INFORMATION GIVEN:
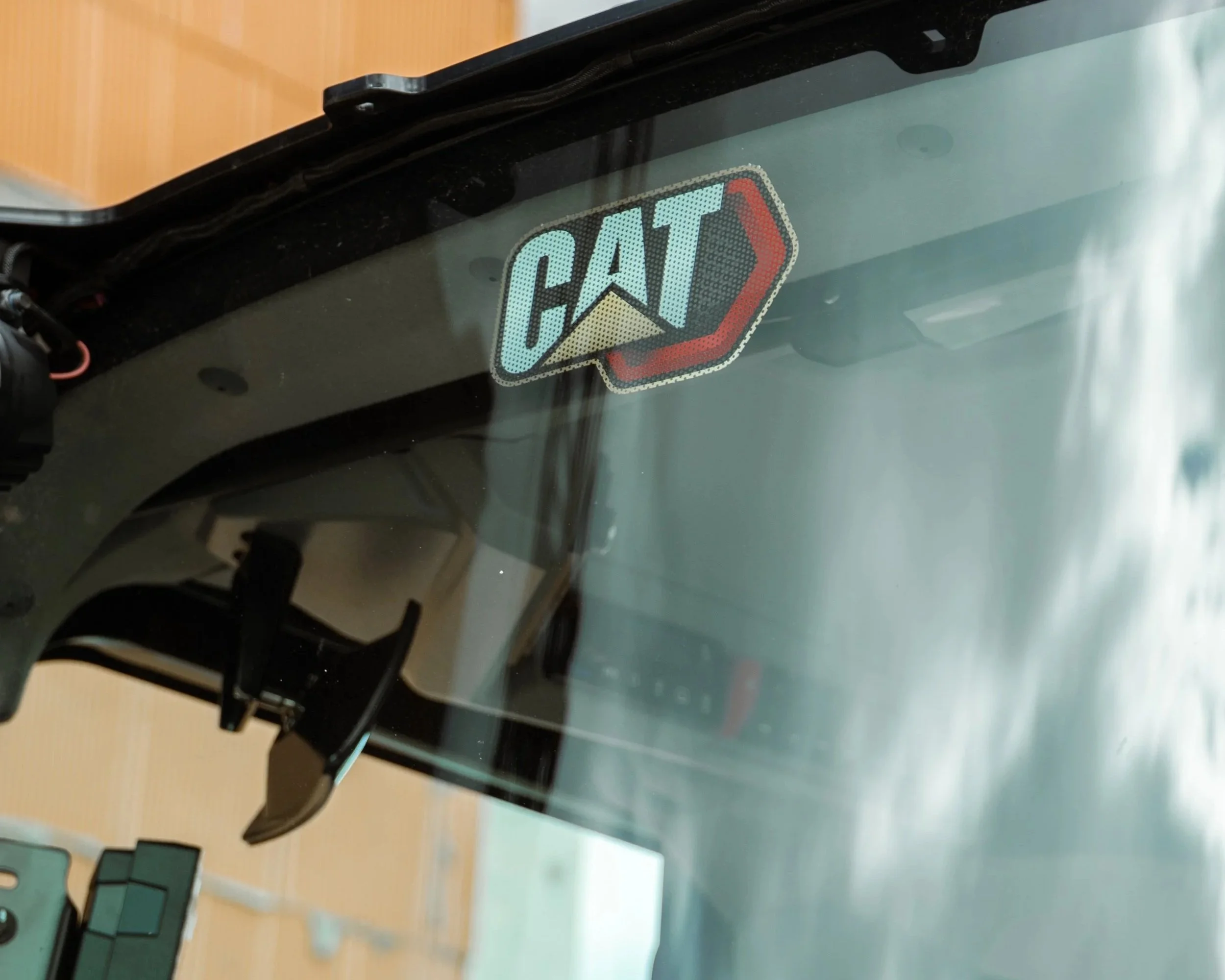 Ein Autofenster mit einem Sticker der Marke CAT (Caterpillar) auf dem Glas.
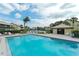 Community pool with sun loungers, palm trees, and a pool house for relaxation at 330 Mission N Trl # F, Venice, FL 34285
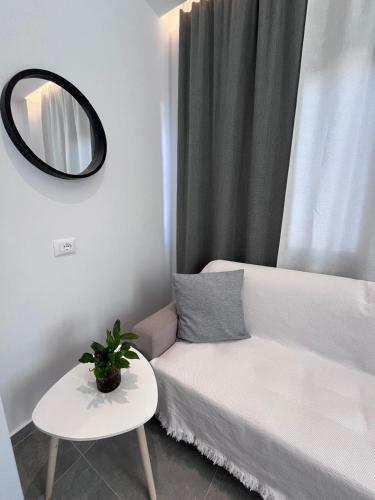 a living room with a white couch and a mirror at Villa Agur Kapo in Ksamil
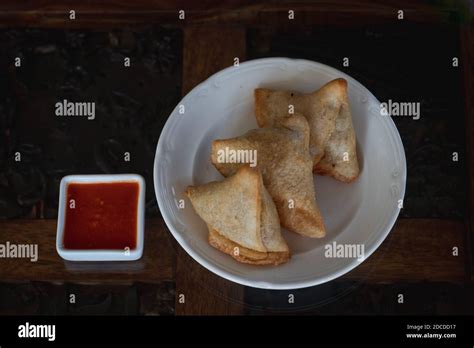 Samosas on a white plate with dipping spicy red sauce Stock Photo - Alamy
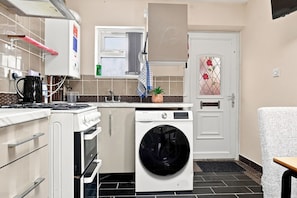 A compact kitchen with a stove, oven, sink, and a washing machine. - Serene 3-bedroom apartment in the heart of Manchester (Manchester)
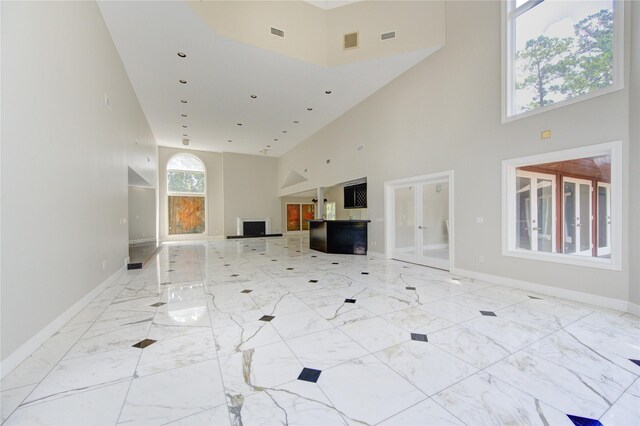 unfurnished living room with a high ceiling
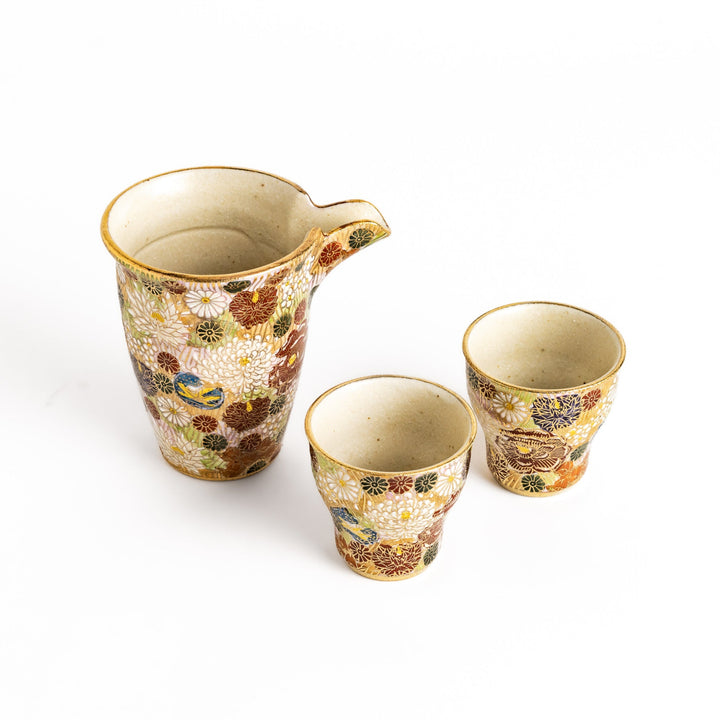 Elegant sake set with a beautiful floral pattern in gold and pastel colors, featuring a sake pitcher and two matching cups, perfect for serving and enjoying sake in style.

REQUIREMENT:
Write out exactly the lines running from the one with "A compact kitchen" through the end of the material, both ends included, while leaving the pictures out.

RESPONSE:
 A compact kitchen with a stove, oven, sink, and a washing machine. - Serene 3-bedroom apartment in the heart of Manchester (Manchester)
 unfurnished living room with a high ceiling
 Elegant sake set with a beautiful floral pattern in gold and pastel colors, featuring a sake pitcher and two matching cups, perfect for serving and enjoying sake in style.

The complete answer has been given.